Department of Transport and Communications

Department overview
- Formed: 24 July 1987
- Preceding Department: Department of Communications (I) Department of Transport (IV) Department of Aviation;
- Dissolved: 23 December 1993
- Superseding Department: Department of Transport (V) Department of Communications (II);
- Jurisdiction: Commonwealth of Australia
- Ministers responsible: Gareth Evans, Minister (1987–1988); Ralph Willis, Minister (1988–1990); Kim Beazley, Minister (1990–1991); John Kerin, Minister (1991); Graham Richardson, Minister (1991–1992); Bob Collins, Minister (1992–1993);
- Department executives: Peter Wilenski, Secretary (1987–1988); Graham Evans, Secretary (1988–1993);

= Department of Transport and Communications =

Australian government department, 1987–1993

The Department of Transport and Communications was an Australian government department that existed between July 1987 and December 1993.

==History==
The Department of Transport and Communications was one of 16 "super-ministries" announced as part of a major restructuring of the administration and economy by Prime Minister Bob Hawke in July 1987.

The Department oversaw the development of a third runway at Kingsford Smith Airport, achieved new industry structures for aviation and reform of the shipping and waterfront sectors, progressed Australia towards a national railway system and uniform national road regulation, introduced new regulatory arrangements for telecommunications, broadcasting and radio communications and arranged for sale of communications licences for more than a billion dollars.

==Scope==
Information about the department's functions and government funding allocation could be found in the Administrative Arrangements Orders, the annual Portfolio Budget Statements and in the Department's annual reports.
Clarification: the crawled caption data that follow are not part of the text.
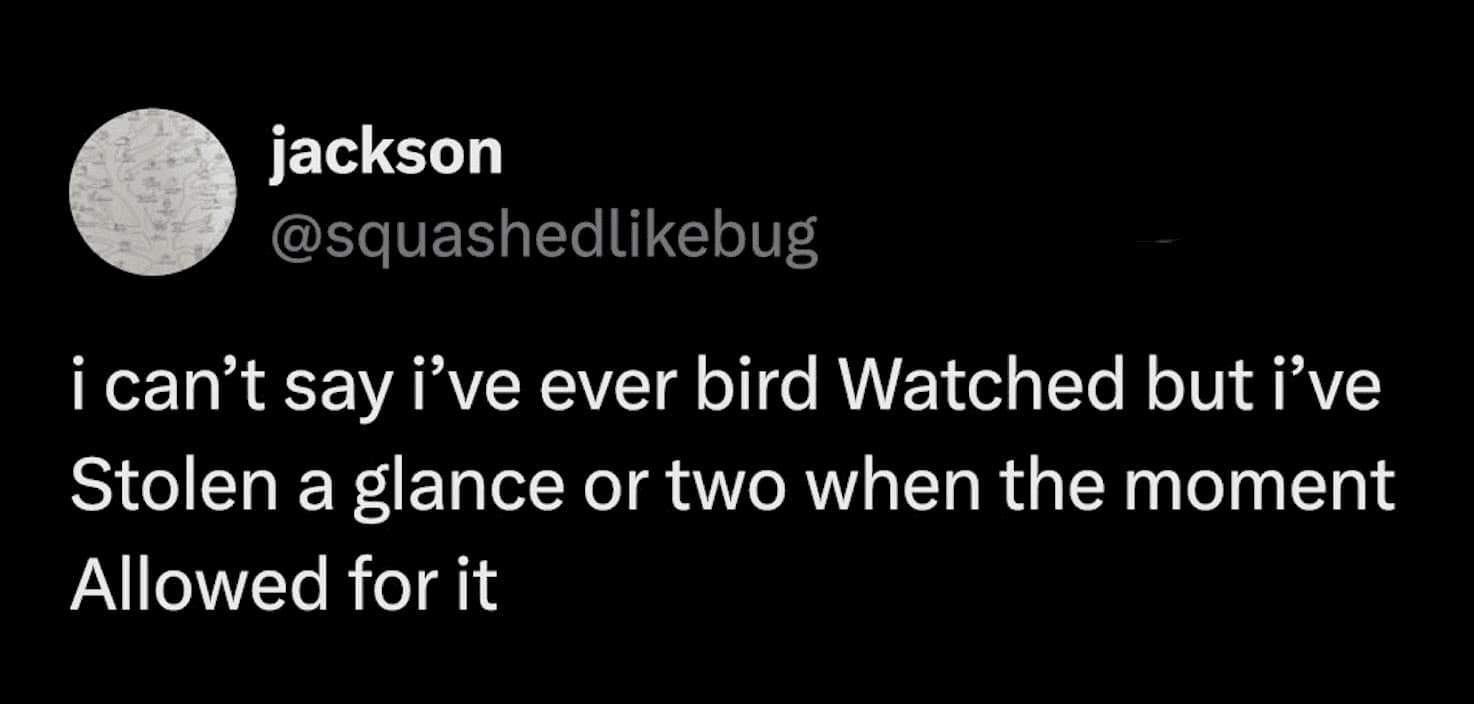 A hilarious hobby meme tweet from jackson about "stealth" birdwatching. He admits he’s never officially participated in the hobby, but he has "stolen a glance or two" at a bird when the moment allowed for it.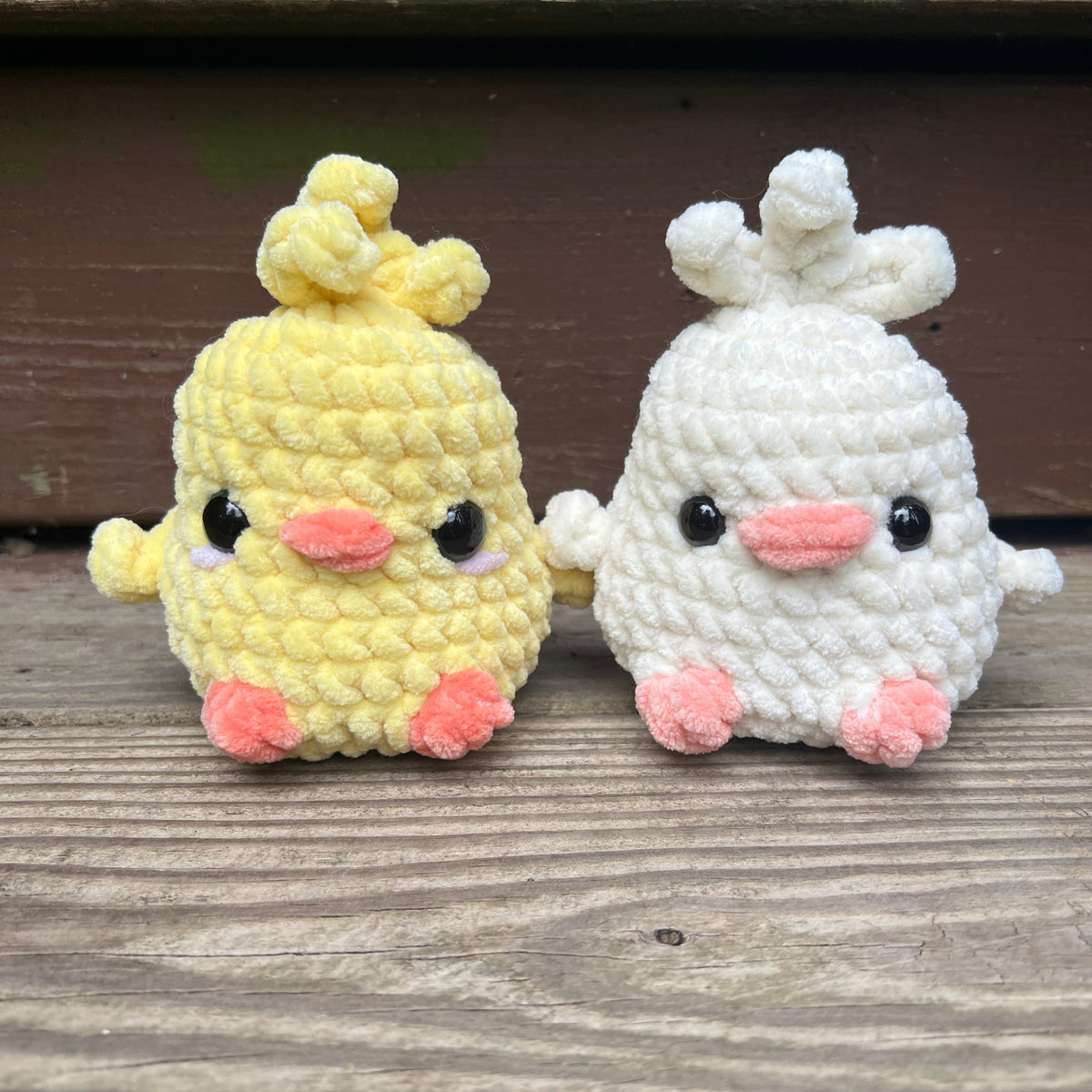 Chubby Chicks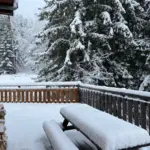 Chalet Clémentine, photo du séjour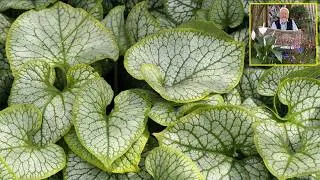 Miniature : MYOSOTIS DU CAUCASE (BRUNNERA) VIVACE DE L’OMBRE AUX FEUILLES D’ARGENT Le Quotidien du Jardin N° 554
According to the Administrative Arrangements Order made on 24 July 1997, the Department dealt with:
- Shipping and marine navigation
- Land transport (including road safety)
- Civil aviation and air navigation
- Aviation security
- Postal and telecommunications services
- Management of the electromagnetic spectrum
- Television and radio

==Structure==
The Department was an Australian Public Service department responsible to the Minister of the day. Department officials were headed by a Secretary, initially Peter Wilenski (until September 1988) and then G.C. Evans (from October 1988).